You need to determine how much water has been used at your event. Not an easy task but you can start by measuring your water usage. Think about the different ways water is being used and consumed at your event:
- Drink water
- Hand washing
- Food & beverage stalls
- Toilets (to a certain degree)
Nowadays at most events and festivals the audience can get free water. Make sure you speak to your local authorities about the rules and regulations regarding this. When you do offer free water make sure it is safe to drink and available from several water stations at your event site. You need to look at your audience capacity, the weather and the nature of your event.
Somehow you need to manage your water stations. What I mean by that is that you need to make sure that you don’t spill too much water. You want to make sure your water faucets don’t constantly drip and that used water isn’t leaking into the soil.

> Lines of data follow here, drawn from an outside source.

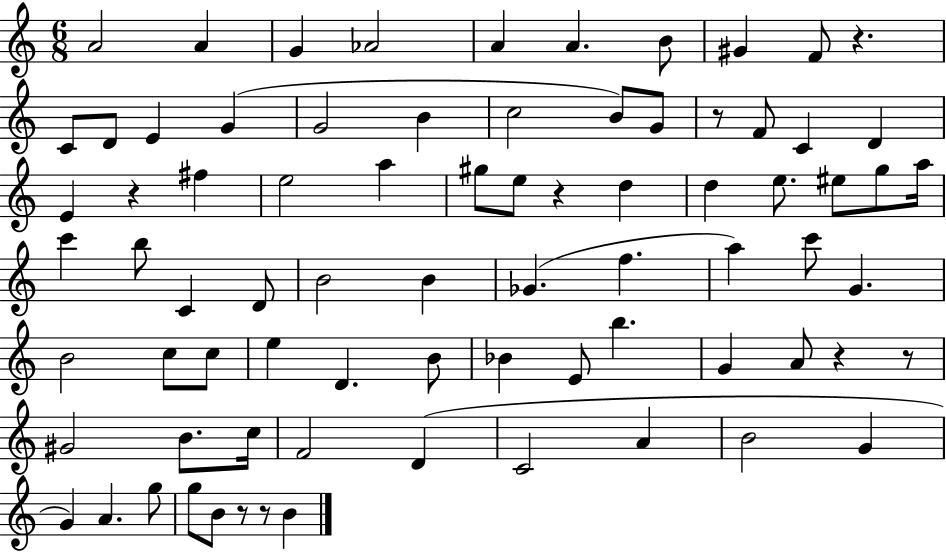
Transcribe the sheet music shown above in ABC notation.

X:1
T:Untitled
M:6/8
L:1/4
K:C
A2 A G _A2 A A B/2 ^G F/2 z C/2 D/2 E G G2 B c2 B/2 G/2 z/2 F/2 C D E z ^f e2 a ^g/2 e/2 z d d e/2 ^e/2 g/2 a/4 c' b/2 C D/2 B2 B _G f a c'/2 G B2 c/2 c/2 e D B/2 _B E/2 b G A/2 z z/2 ^G2 B/2 c/4 F2 D C2 A B2 G G A g/2 g/2 B/2 z/2 z/2 B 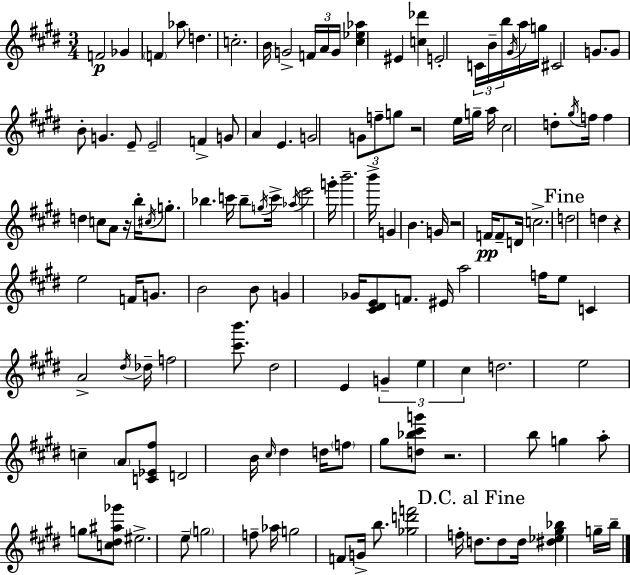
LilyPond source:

{
  \clef treble
  \numericTimeSignature
  \time 3/4
  \key e \major
  f'2\p ges'4 | \parenthesize f'4 aes''8 d''4. | c''2.-. | b'16 g'2-> \tuplet 3/2 { f'16 a'16 g'16 } | \break <cis'' ees'' aes''>4 eis'4 <c'' des'''>4 | e'2-. \tuplet 3/2 { c'16 b'16-- b''16 } \acciaccatura { gis'16 } | a''16 g''16 cis'2 g'8. | g'8 b'8-. g'4. e'8-- | \break e'2-- f'4-> | g'8 a'4 e'4. | g'2 \tuplet 3/2 { g'8 f''8-- | g''8 } r2 e''16 | \break g''16-- a''16 cis''2 d''8-. | \acciaccatura { gis''16 } f''16 f''4 d''4 c''8 | a'8 r16 b''16-. \acciaccatura { cis''16 } g''8.-. bes''4. | c'''16 bes''8-- \acciaccatura { g''16 } c'''16-> \acciaccatura { aes''16 } e'''2 | \break g'''16-. b'''2.-- | b'''16-> g'4 b'4. | g'16 r2 | f'16\pp f'8-- d'16 c''2.-> | \break \mark "Fine" d''2 | d''4 r4 e''2 | f'16 g'8. b'2 | b'8 g'4 ges'16 | \break <cis' dis' e'>8 f'8. eis'16 a''2 | f''16 e''8 c'4 a'2-> | \acciaccatura { dis''16 } des''16-- f''2 | <cis''' b'''>8. dis''2 | \break e'4 \tuplet 3/2 { g'4-- e''4 | cis''4 } d''2. | e''2 | c''4-- \parenthesize a'8 <c' ees' fis''>8 d'2 | \break b'16 \grace { cis''16 } dis''4 | d''16 \parenthesize f''8 gis''8 <d'' bes'' cis''' g'''>8 r2. | b''8 g''4 | a''8-. g''8 <c'' dis'' ais'' ges'''>8 eis''2.-> | \break e''8-- \parenthesize g''2 | f''8-- aes''16 g''2 | f'8 g'16-> b''8. <ges'' d''' f'''>2 | f''16-. \mark "D.C. al Fine" d''8. d''8 | \break d''16 <dis'' ees'' gis'' bes''>4 g''16-- b''16-- \bar "|."
} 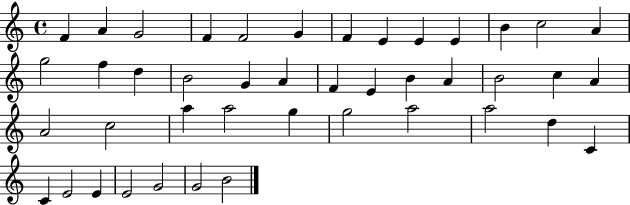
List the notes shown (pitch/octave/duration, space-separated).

F4/q A4/q G4/h F4/q F4/h G4/q F4/q E4/q E4/q E4/q B4/q C5/h A4/q G5/h F5/q D5/q B4/h G4/q A4/q F4/q E4/q B4/q A4/q B4/h C5/q A4/q A4/h C5/h A5/q A5/h G5/q G5/h A5/h A5/h D5/q C4/q C4/q E4/h E4/q E4/h G4/h G4/h B4/h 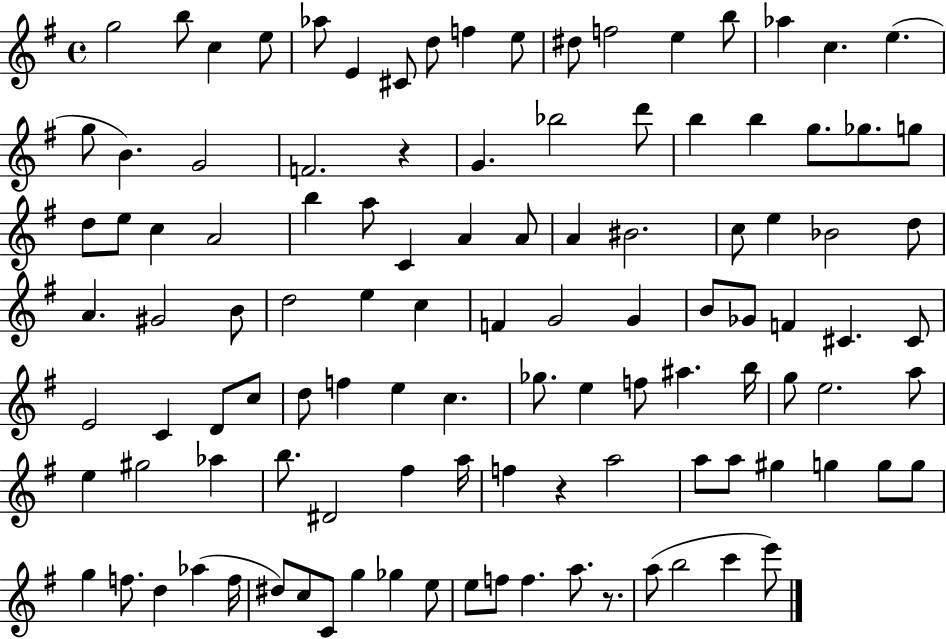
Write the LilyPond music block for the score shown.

{
  \clef treble
  \time 4/4
  \defaultTimeSignature
  \key g \major
  g''2 b''8 c''4 e''8 | aes''8 e'4 cis'8 d''8 f''4 e''8 | dis''8 f''2 e''4 b''8 | aes''4 c''4. e''4.( | \break g''8 b'4.) g'2 | f'2. r4 | g'4. bes''2 d'''8 | b''4 b''4 g''8. ges''8. g''8 | \break d''8 e''8 c''4 a'2 | b''4 a''8 c'4 a'4 a'8 | a'4 bis'2. | c''8 e''4 bes'2 d''8 | \break a'4. gis'2 b'8 | d''2 e''4 c''4 | f'4 g'2 g'4 | b'8 ges'8 f'4 cis'4. cis'8 | \break e'2 c'4 d'8 c''8 | d''8 f''4 e''4 c''4. | ges''8. e''4 f''8 ais''4. b''16 | g''8 e''2. a''8 | \break e''4 gis''2 aes''4 | b''8. dis'2 fis''4 a''16 | f''4 r4 a''2 | a''8 a''8 gis''4 g''4 g''8 g''8 | \break g''4 f''8. d''4 aes''4( f''16 | dis''8) c''8 c'8 g''4 ges''4 e''8 | e''8 f''8 f''4. a''8. r8. | a''8( b''2 c'''4 e'''8) | \break \bar "|."
} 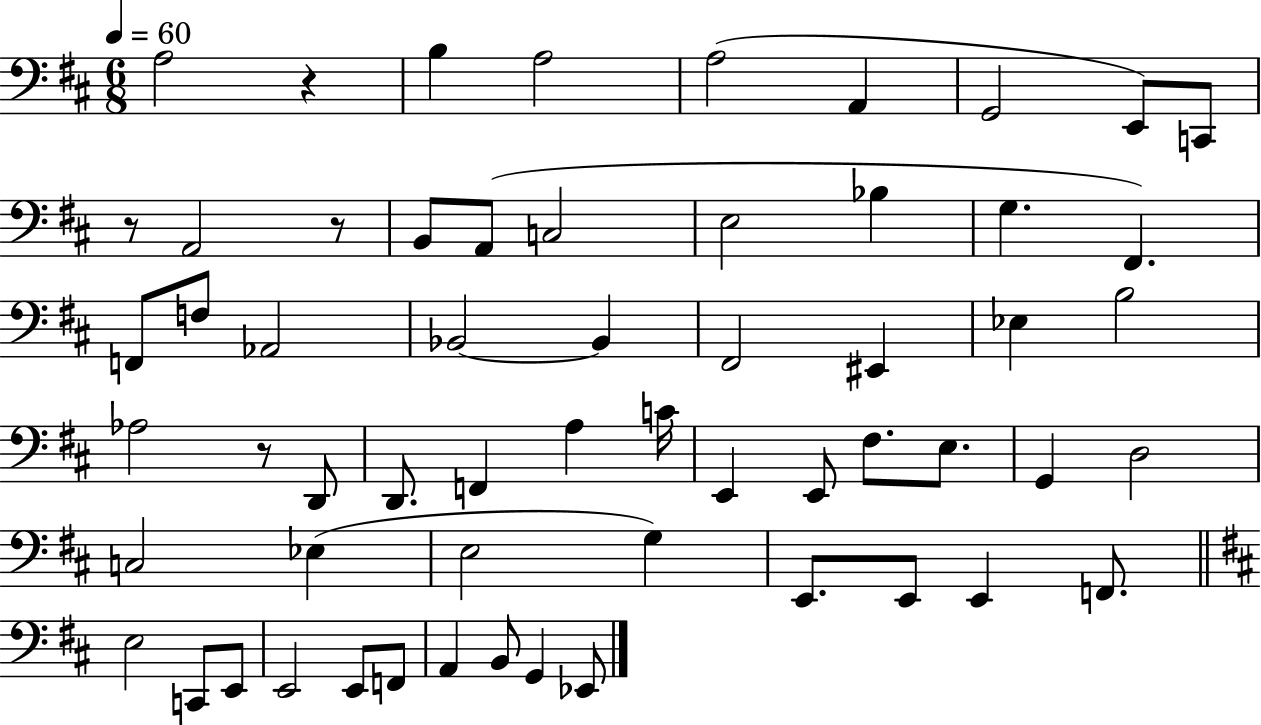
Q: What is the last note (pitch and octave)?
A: Eb2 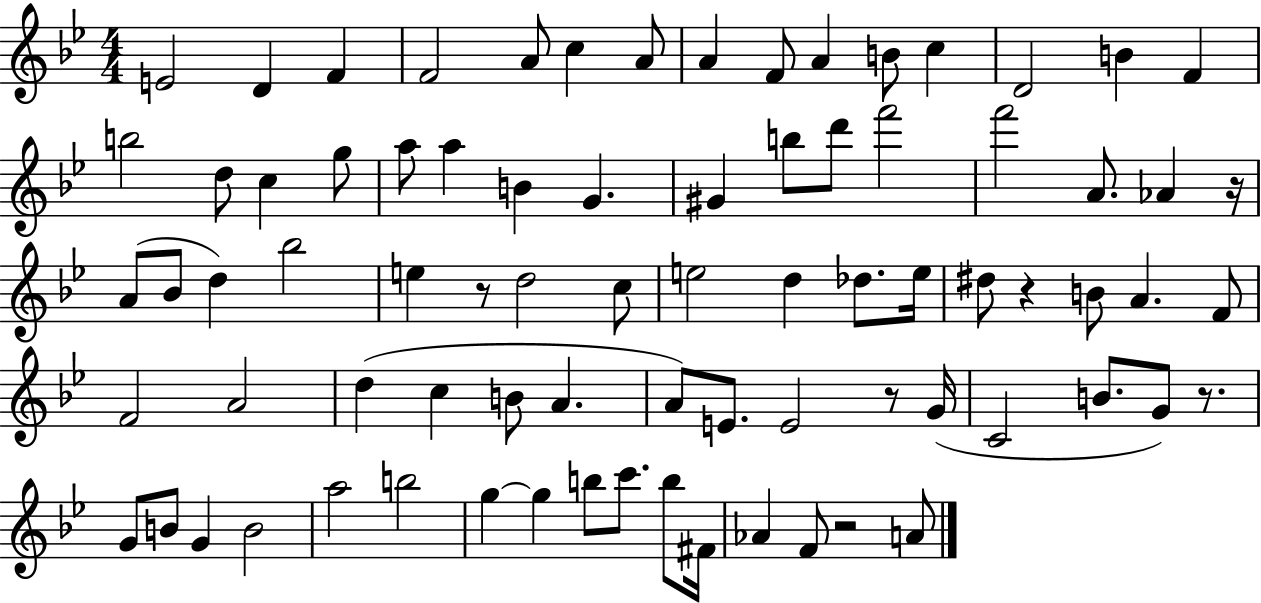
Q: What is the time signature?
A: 4/4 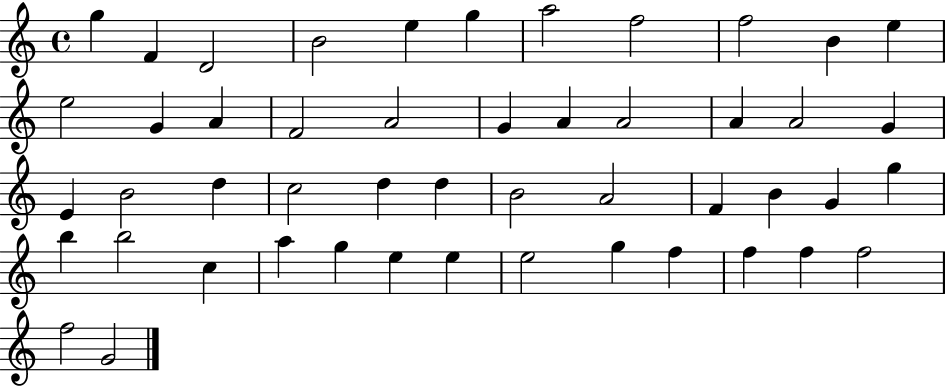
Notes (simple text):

G5/q F4/q D4/h B4/h E5/q G5/q A5/h F5/h F5/h B4/q E5/q E5/h G4/q A4/q F4/h A4/h G4/q A4/q A4/h A4/q A4/h G4/q E4/q B4/h D5/q C5/h D5/q D5/q B4/h A4/h F4/q B4/q G4/q G5/q B5/q B5/h C5/q A5/q G5/q E5/q E5/q E5/h G5/q F5/q F5/q F5/q F5/h F5/h G4/h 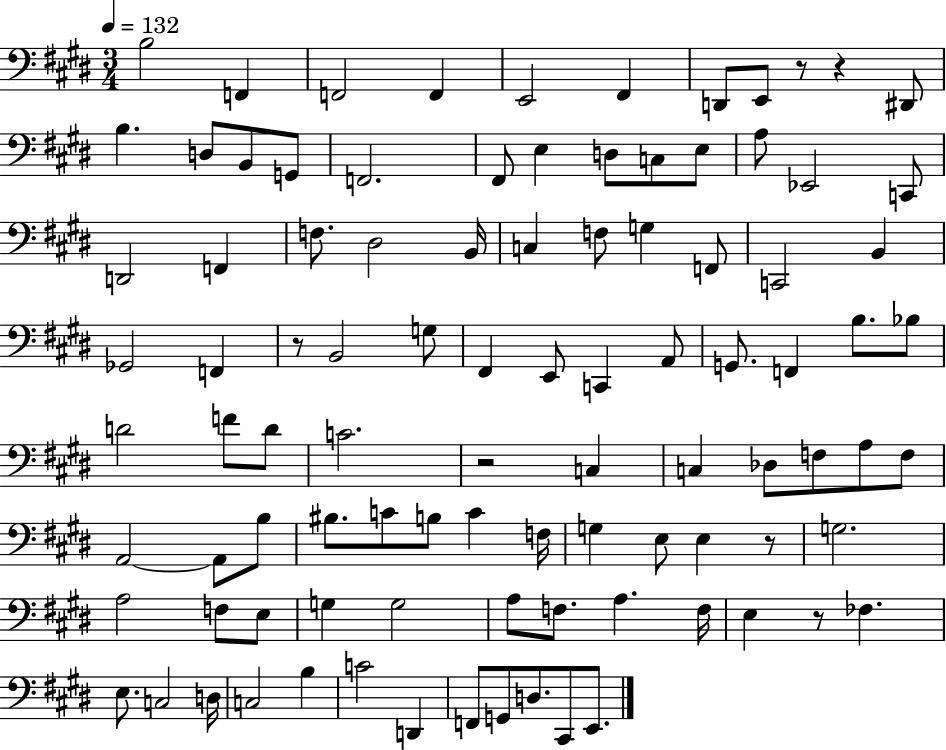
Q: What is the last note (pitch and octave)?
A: E2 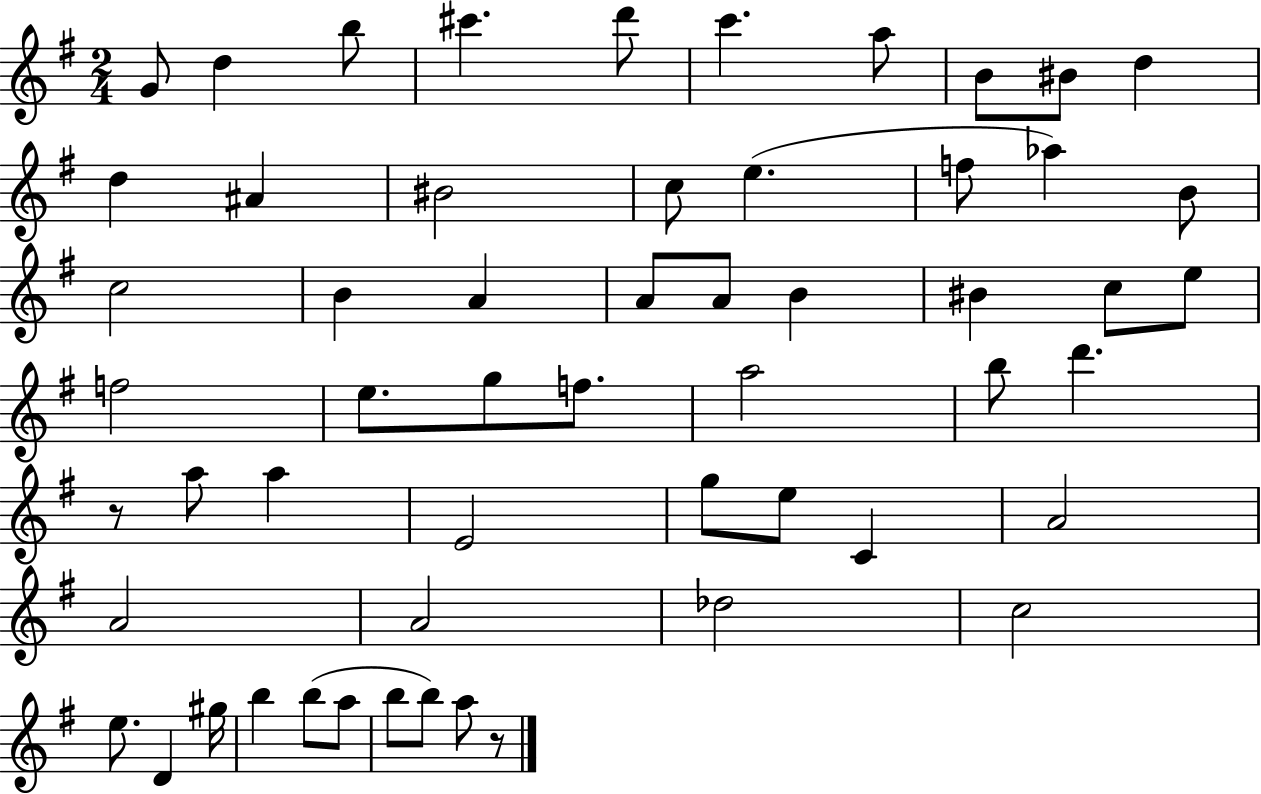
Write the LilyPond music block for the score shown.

{
  \clef treble
  \numericTimeSignature
  \time 2/4
  \key g \major
  g'8 d''4 b''8 | cis'''4. d'''8 | c'''4. a''8 | b'8 bis'8 d''4 | \break d''4 ais'4 | bis'2 | c''8 e''4.( | f''8 aes''4) b'8 | \break c''2 | b'4 a'4 | a'8 a'8 b'4 | bis'4 c''8 e''8 | \break f''2 | e''8. g''8 f''8. | a''2 | b''8 d'''4. | \break r8 a''8 a''4 | e'2 | g''8 e''8 c'4 | a'2 | \break a'2 | a'2 | des''2 | c''2 | \break e''8. d'4 gis''16 | b''4 b''8( a''8 | b''8 b''8) a''8 r8 | \bar "|."
}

Toilets at events often seem a ‘forgotten nuisance’. I’ve been to festivals and events where the toilets were not cleaned at all. You can’t do that! Besides hygiene, health issues, and a bad smell it can also give your festival a bad reputation. Please make sure you clean your toilets regularly. Overflowing toilets can also lead to sewage leaking into the soil. In some cases this can leave you with a fine from your local authorities. The number of toilets you need on site depends on the capacity of your event, duration, whether it is indoor or outdoor, and gender ratio. The Event Safety Guide gives you the following guideline when calculating the number of toilets needed at your event:
“For an event with a gate opening time of 6 hours or more you should have 1 toilet for every 100 women at your event. You should have 1 toilet for every 500 men and 1 urinal for every 150 men at your event.”
“If your event is less then 6 hours long you should have 1 toilet for every 120 women at your event. You should also have 1 toilet for every 600 men and 1 urinal for every 175 men.”
Showers at festivals
Other sanitary facilities, such as showers and hand-wash stations, can also directly produce wastewater. If possible make sure your showers lead directly to a sewage system or have adequate measures in place to collect this wastewater.
Water usage at your event means that you need to think of the different ways in which you are using and providing water. From clear drinking water to flushing toilets to doing the dishes in the production area.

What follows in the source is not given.